Nitekim çok geçmedi. Tıbbın çağ dışı konumlanışına iki yönden itiraz gelişti. Bir taraftan sınıf hareketi, bir yandan da tıp ortamının içinden kimi öncü bilim insanları ve hekimler kapitalist üretim sisteminin yarattığı sağlık sorunlarıyla hiç ilgilenmeyen bu aristokrat tıp paradigmasını eleştiren yeni şeyler söylemeye ve yeni şeyler istemeye başladılar.

Sahneyi önce Fransız Devrimi değiştirdi. Dini düşüncelerin yerini yaratıcı ve akılcı fikirler doldurmaya başladı. Halk sağlığı biliminin kurucuları arasında sayılan Alman hekim Peter Frank devletin halk sağlığını koruma görevinin olduğunu ileri sürdü. Ünlü kitabı Tıbbi Polis Sistemi 1779’da yayımlandı. 1790’da yaptığı ünlü konuşmasında şunları söylüyordu: "Her toplumsal sınıfın farklı yaşam tarzı tarafından belirlenen hastalıkları olduğundan… zenginlerin ve yoksulların kendilerine özgü hastalıkları olacağını beklemek zorundayız… İnsanların aşırı yoksulluğu nesli kökünden yozlaştırır.
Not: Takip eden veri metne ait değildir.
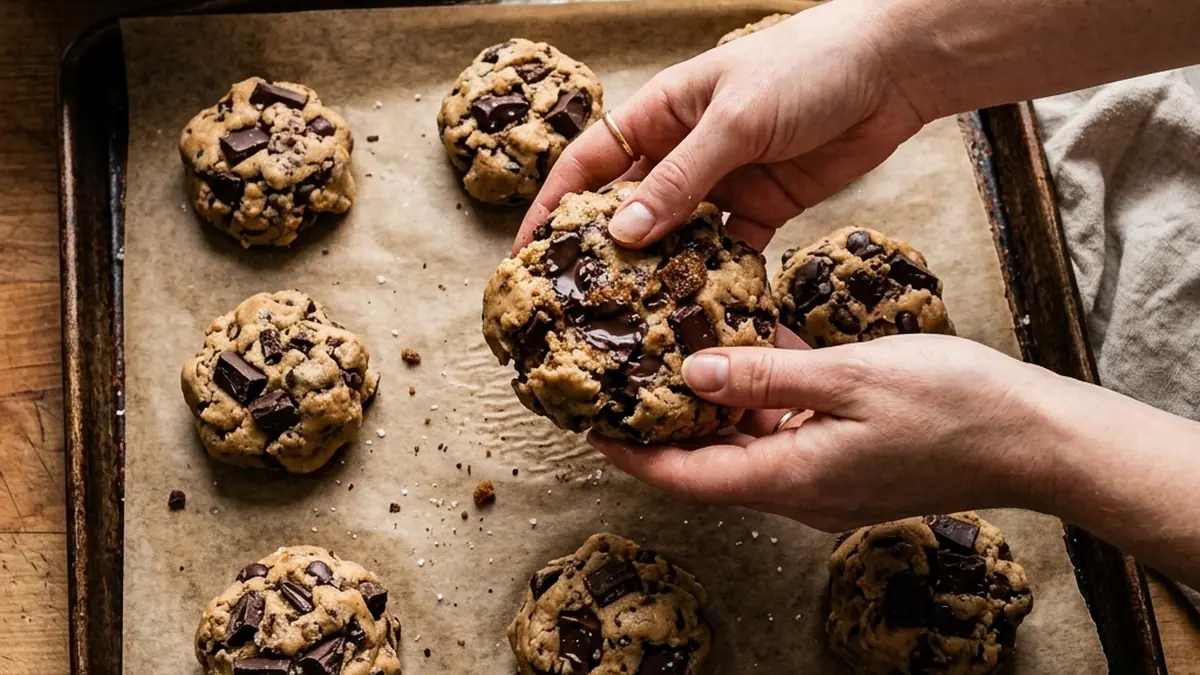 Placing rustic dough balls packed with chocolate onto a baking sheet for this chocolate chip cookie recipe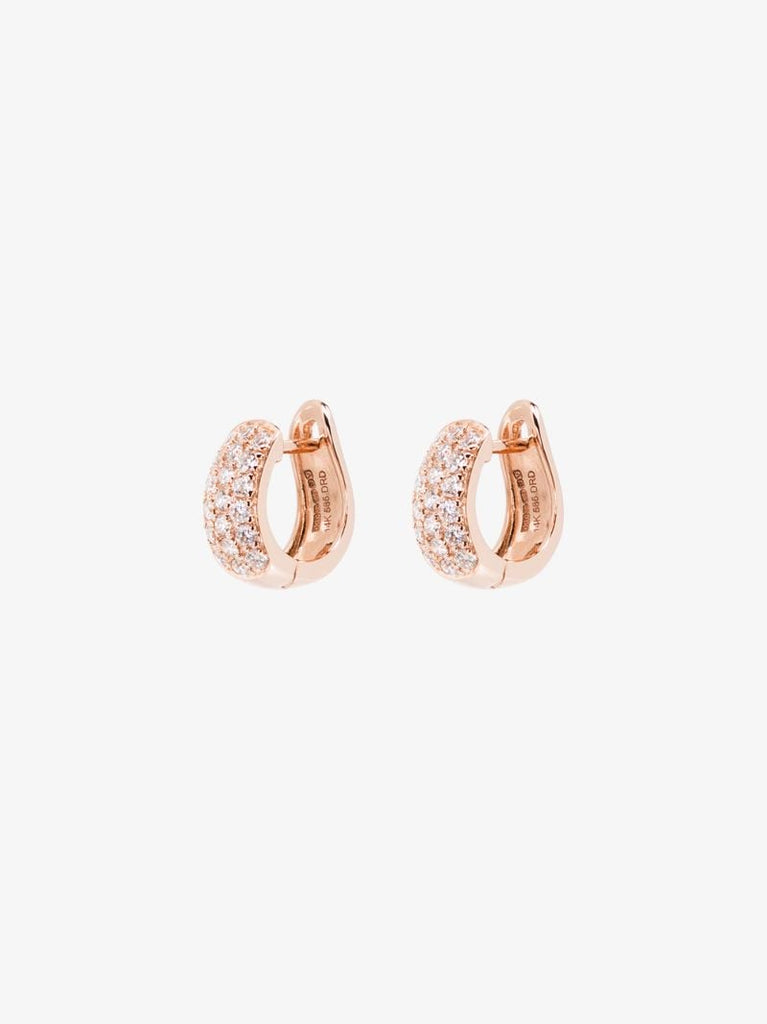 14k Rose Gold Drd Large Huggie Diamond Earrings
Yurttaşların sayısız hastalıklara yatkınlaşmasına neden olur."

Halk sağlığı bilimi daha doğduğu anda devrimci dönemin devrimci fikirlerini benimsemişti, sınıfsal bir bakış açısına sahipti, sınıf ilişkilerinin ortaya çıkardığı toplumsal sorunların çözülmesini halkın sağlığı için zorunlu görüyordu.

Sonra 1830’larda Çartist hareket İngiltere’de burjuvazinin karşısına bir dizi taleple çıktı. Bunların arasında 8 saatlik iş günü, genel siyasal oy hakkı ve parasız sağlık hizmeti en bilinenleridir. Şüphesiz Çartistler bu noktaya gelirken arkalarına 1789 Fransız Devrimi’nin insanlığa kazandırdığı siyasi ve entelektüel birikimi devralmışlardı.
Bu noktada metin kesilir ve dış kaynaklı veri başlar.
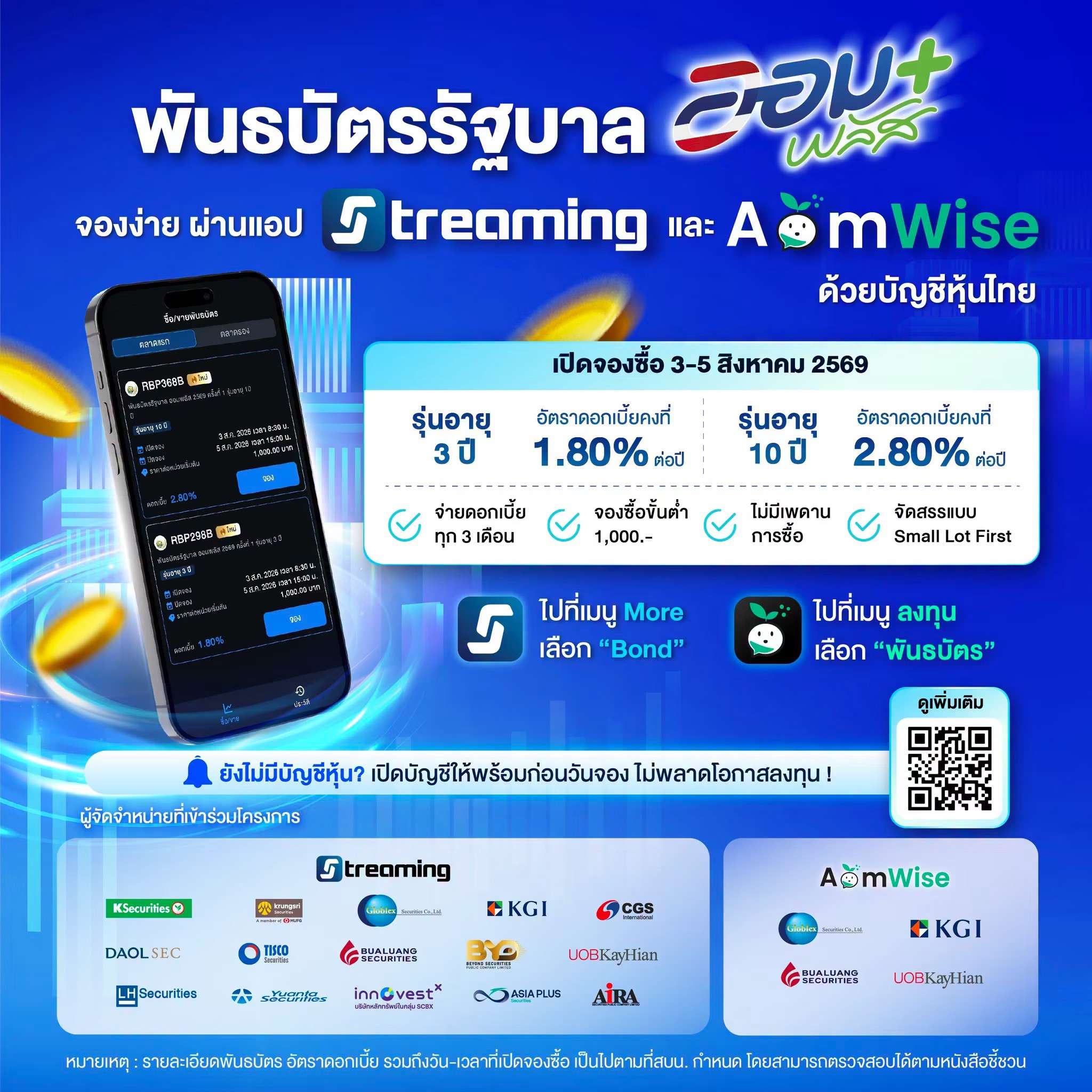 อินโฟกราฟิกสรุปรายละเอียดการจองซื้อพันธบัตรรัฐบาลออมพลัส รุ่นอายุ 3 ปี ดอกเบี้ย 1.80% และรุ่นอายุ 10 ปี ดอกเบี้ย 2.80% ผ่านแอป Streaming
1848 Avrupa devrim günlerinde sahneyi bu kez Rudolf Virchow aldı. Alman bir hekimdi. Berlin’de tıp fakültesini bitirdi ve yine aynı kentte çok uzun yıllar hekimlik yaptı. Patoloji biliminin önemli isimlerindendir. Ama o aynı zamanda halk sağlığının kurucuları arasında sayılır. Yukarı Silezya kömür madenlerinde patlak veren tifüs salgını konusunda yaptığı incelemeler ve hazırladığı ayrıntılı rapor ünlüdür. Salgının kontrol altına alınabilmesi için pek çok tıbbi önlemin yanı sıra, şunları da sıralar: Tam ve sınırsız demokrasi, ücretsiz ve ana dilde eğitim, devlet ve kilisenin mutlak ayrımı, vergi sisteminde reformla yükün yoksullardan zenginlere aktarılması, toprak reformu, kooperatifleşme. Raporda şöyle yazar: “Sorunu çözmek için radikal olmalıyız… Silezya’ya müdahale etmek istiyorsak, bütün nüfusun iyileştirilmesiyle işe başlamalıyız.” (Akalın, 2013, s. 80-83)
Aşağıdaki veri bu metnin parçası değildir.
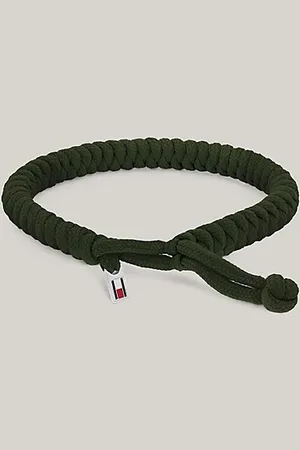 Tommy Hilfiger Pulsera de cuerda verde con logo esmaltado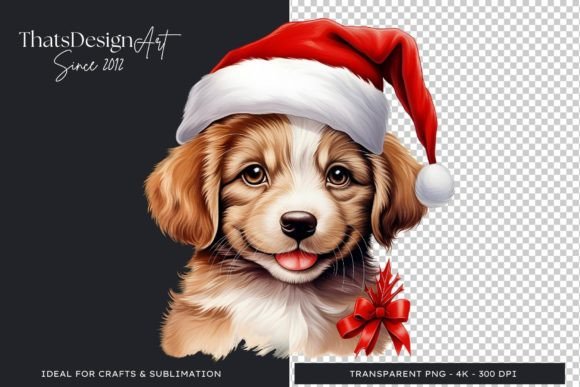 Adorable Dog Christmas Clipart: Festive PNGs for Crafters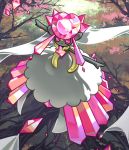  commentary creature diancie english_commentary flower full_body gen_6_pokemon mega_diancie mega_pokemon no_humans pink_eyes pinkgermy pokemon pokemon_(creature) solo tree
Virchow’un düşünceleri sınıfsal bir içeriğe sahiptir. Kendisi işçi sınıfının yanındadır. Çözüm olarak kesinlikle sınıflı toplum yapısının değiştirilmesi gerektiğini savunur. 1848 ayaklanmalarında, 19 Mart gecesi elinde tüfeğiyle barikatlardadır. Berlin Devrimci Komitesi’nin başkan yardımcısıdır. Toplumun baskıdan kurtarılmasının da hekimin görevleri arasında olduğunu belirtir.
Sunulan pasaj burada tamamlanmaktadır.